1115 Medicaid Waivers in Indiana
CMS approved the “Healthy Indiana Plan 2.0” 1115 waiver to expand Medicaid on January 27, 2015. A waiver amendment adding a work requirement (among other changes) was approved February 2, 2018, expiring December 31, 2020.
On July 25, 2019 the state submitted another waiver amendment to exempt members of federally recognized tribes and caretakers of dependent children under the age of 13 from the work requirement. The proposed amendment also creates “Workforce Bridge Accounts” for enrollees who lose Medicaid eligibility due to increased income. This proposed amendment to the HIP 2.0 waiver does not address the unavoidable issue of coverage losses that will result from the work reporting requirement. Furthermore, the proposed amendments add additional complexity to what is already an administratively burdensome individual account structure.

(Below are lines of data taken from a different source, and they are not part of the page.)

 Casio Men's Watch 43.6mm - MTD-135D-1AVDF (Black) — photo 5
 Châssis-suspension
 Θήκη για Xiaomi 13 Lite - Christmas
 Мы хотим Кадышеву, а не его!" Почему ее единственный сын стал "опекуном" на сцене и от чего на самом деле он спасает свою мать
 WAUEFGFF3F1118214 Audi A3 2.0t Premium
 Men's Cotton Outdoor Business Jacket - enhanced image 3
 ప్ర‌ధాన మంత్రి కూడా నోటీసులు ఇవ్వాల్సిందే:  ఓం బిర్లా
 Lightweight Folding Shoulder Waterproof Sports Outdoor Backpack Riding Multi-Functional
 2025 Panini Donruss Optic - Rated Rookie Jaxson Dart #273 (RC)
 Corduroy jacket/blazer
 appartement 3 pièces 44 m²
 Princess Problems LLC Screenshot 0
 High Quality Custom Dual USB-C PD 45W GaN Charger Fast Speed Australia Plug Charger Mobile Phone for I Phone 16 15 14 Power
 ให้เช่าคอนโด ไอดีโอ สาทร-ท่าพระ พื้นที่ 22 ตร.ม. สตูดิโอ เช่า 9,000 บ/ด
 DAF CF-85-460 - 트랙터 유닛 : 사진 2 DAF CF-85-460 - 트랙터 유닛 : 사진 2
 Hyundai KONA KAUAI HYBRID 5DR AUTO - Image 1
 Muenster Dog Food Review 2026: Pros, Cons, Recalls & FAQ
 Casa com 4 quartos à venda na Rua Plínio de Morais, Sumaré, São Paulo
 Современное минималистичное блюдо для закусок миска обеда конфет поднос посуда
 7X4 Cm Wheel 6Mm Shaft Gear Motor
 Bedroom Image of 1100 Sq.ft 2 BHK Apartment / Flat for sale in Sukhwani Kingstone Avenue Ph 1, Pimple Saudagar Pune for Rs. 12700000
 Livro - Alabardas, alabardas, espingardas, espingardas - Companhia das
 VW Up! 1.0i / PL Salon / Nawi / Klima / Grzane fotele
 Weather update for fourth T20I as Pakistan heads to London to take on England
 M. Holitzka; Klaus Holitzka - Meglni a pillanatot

On September 23, 2019 a lawsuit was filed in federal district court to challenge CMS’s approval of the waiver
The HIP 2.0 program began February 1, 2015 and is approved through January 31, 2019.
- Families USA’s Comments on Pending Healthy Indiana Plan 1115 Workforce Bridge Account Amendment (2019)
- Families USA Comments on HIP 2.0 Waiver Extension Amendment (2017)
- Families USA comments on Indiana’s Healthy Indiana HIP 2.0 Section 1115 waiver request to modify and expand eligibility (2014)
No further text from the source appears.